At Mower, we’ve seen how smart marketing can do more than drive growth. It can build resilience. Although this McKinsey article was published in 2023, its insights (drawn from the tail end of the pandemic) are just as relevant now as businesses brace for a potential recession. The playbook for navigating economic uncertainty hasn’t changed. What worked then can work now.
McKinsey’s research makes a clear case. Companies that continued to invest in brand, customer insight, and marketing agility during past disruptions were the ones that rebounded faster and gained market share.
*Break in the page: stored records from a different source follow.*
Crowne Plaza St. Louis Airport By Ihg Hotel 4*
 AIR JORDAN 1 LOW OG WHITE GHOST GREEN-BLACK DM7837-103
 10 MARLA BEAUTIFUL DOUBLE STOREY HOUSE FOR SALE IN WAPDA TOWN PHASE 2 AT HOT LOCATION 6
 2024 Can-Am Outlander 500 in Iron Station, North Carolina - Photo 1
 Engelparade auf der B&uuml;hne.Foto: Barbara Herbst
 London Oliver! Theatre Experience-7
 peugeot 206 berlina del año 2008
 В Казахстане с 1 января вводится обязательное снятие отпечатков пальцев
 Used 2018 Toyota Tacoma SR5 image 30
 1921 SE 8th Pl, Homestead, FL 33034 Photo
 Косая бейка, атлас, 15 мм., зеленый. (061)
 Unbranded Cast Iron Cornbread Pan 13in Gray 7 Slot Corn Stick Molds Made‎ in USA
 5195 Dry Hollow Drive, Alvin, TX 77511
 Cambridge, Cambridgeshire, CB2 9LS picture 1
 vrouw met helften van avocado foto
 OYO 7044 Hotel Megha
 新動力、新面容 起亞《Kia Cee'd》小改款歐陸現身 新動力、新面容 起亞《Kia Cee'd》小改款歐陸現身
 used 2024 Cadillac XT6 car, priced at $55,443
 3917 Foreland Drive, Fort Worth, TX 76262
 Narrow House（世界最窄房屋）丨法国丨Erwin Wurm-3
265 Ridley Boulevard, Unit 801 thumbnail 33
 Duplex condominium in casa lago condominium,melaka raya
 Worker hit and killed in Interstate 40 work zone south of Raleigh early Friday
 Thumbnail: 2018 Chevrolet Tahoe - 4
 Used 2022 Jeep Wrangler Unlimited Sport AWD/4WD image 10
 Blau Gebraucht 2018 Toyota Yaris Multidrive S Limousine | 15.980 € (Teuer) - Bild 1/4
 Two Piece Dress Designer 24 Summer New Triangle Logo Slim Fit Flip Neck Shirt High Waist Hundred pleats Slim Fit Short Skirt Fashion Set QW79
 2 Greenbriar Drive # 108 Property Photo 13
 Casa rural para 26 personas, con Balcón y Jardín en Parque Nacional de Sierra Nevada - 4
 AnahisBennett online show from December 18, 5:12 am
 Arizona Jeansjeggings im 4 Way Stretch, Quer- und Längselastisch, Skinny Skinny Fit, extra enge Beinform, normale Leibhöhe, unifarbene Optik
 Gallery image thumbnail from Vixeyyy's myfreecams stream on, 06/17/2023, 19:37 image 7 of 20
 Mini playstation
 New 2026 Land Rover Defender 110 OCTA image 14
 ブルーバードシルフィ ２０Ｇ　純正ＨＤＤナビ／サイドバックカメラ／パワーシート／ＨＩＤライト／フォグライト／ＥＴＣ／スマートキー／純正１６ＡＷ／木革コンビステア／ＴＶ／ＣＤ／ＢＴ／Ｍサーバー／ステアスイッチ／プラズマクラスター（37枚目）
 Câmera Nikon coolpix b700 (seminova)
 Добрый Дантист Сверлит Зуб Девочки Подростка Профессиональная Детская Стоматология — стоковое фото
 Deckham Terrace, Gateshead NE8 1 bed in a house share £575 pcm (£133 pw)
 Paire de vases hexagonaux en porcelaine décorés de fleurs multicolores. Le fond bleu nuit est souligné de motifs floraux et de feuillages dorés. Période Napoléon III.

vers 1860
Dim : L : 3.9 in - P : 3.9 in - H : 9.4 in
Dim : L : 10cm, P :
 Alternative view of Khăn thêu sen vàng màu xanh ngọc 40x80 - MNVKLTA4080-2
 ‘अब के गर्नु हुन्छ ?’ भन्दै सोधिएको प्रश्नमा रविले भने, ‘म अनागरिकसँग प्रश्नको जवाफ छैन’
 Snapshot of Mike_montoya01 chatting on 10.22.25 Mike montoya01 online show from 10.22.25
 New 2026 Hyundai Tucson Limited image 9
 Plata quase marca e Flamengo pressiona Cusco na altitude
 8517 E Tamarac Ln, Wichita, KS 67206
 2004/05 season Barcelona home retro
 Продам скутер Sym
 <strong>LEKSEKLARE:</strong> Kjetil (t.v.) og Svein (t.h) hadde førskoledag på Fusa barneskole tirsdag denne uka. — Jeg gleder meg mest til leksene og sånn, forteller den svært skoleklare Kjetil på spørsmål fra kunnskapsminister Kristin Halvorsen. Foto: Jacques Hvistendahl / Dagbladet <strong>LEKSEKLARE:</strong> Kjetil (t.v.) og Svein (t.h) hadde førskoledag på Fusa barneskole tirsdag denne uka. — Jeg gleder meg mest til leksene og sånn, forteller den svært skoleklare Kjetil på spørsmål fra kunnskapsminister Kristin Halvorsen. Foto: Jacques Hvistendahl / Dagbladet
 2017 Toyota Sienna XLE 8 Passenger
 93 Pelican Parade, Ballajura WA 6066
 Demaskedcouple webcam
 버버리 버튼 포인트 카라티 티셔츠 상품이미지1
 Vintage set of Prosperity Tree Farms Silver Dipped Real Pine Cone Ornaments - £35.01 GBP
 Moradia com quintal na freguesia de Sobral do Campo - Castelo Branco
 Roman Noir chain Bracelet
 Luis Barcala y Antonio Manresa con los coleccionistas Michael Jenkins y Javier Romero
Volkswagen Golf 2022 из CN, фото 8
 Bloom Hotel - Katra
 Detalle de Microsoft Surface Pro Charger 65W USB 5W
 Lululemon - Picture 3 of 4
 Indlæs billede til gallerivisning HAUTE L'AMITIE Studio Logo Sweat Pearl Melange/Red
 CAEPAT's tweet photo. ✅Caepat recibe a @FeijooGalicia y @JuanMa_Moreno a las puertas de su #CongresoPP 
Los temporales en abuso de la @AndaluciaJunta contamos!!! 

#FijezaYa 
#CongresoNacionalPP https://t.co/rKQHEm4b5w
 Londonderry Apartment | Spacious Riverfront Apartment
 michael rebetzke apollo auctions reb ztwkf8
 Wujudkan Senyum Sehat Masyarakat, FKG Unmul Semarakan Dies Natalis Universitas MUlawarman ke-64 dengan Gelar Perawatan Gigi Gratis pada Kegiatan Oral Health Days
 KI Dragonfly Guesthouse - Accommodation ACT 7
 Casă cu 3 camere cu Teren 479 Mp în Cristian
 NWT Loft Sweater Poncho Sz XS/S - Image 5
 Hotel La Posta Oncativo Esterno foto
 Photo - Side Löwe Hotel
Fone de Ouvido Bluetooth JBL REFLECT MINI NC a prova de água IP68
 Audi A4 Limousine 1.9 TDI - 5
Resilient organizations treat marketing as a strategic lever, not a line item to trim.
So, if your bank or credit union leadership is considering drastically reducing marketing budgets in the current environment, consider sharing some of these proof points from a trusted source like McKinsey to balance maintaining marketing investment to achieve your customer acquisition / deposit growth / customer retention goals.
Three Ways Marketing Builds Resilience:
Know your customer, better: Real-time data and journey mapping help identify shifting behaviors and focus on the segments that matter most.
Pick your priorities: Rather than spreading efforts thin, resilient brands invest in the initiatives with the highest potential for growth and impact.
Give teams room to move: Agile marketing teams that test, learn, and adapt quickly are better equipped to respond to changing market dynamics.
The lesson is clear. Resilience comes from clarity of purpose, not just cost-cutting.